INPUT MATERIAL
++++++++++

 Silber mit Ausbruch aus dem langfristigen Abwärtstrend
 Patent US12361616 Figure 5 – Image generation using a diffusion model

++++++++++

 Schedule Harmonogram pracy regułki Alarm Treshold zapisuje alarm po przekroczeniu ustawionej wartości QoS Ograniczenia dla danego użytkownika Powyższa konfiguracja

++++++++++

WHAT IS EXPECTED
The required answer is the exact run of lines above starting at the line with "Silber mit Ausbruch" and ending at the line with "Patent US12361616 Figure", with both ends present.

EXERCISE ANSWER
 Silber mit Ausbruch aus dem langfristigen Abwärtstrend
 Patent US12361616 Figure 5 – Image generation using a diffusion model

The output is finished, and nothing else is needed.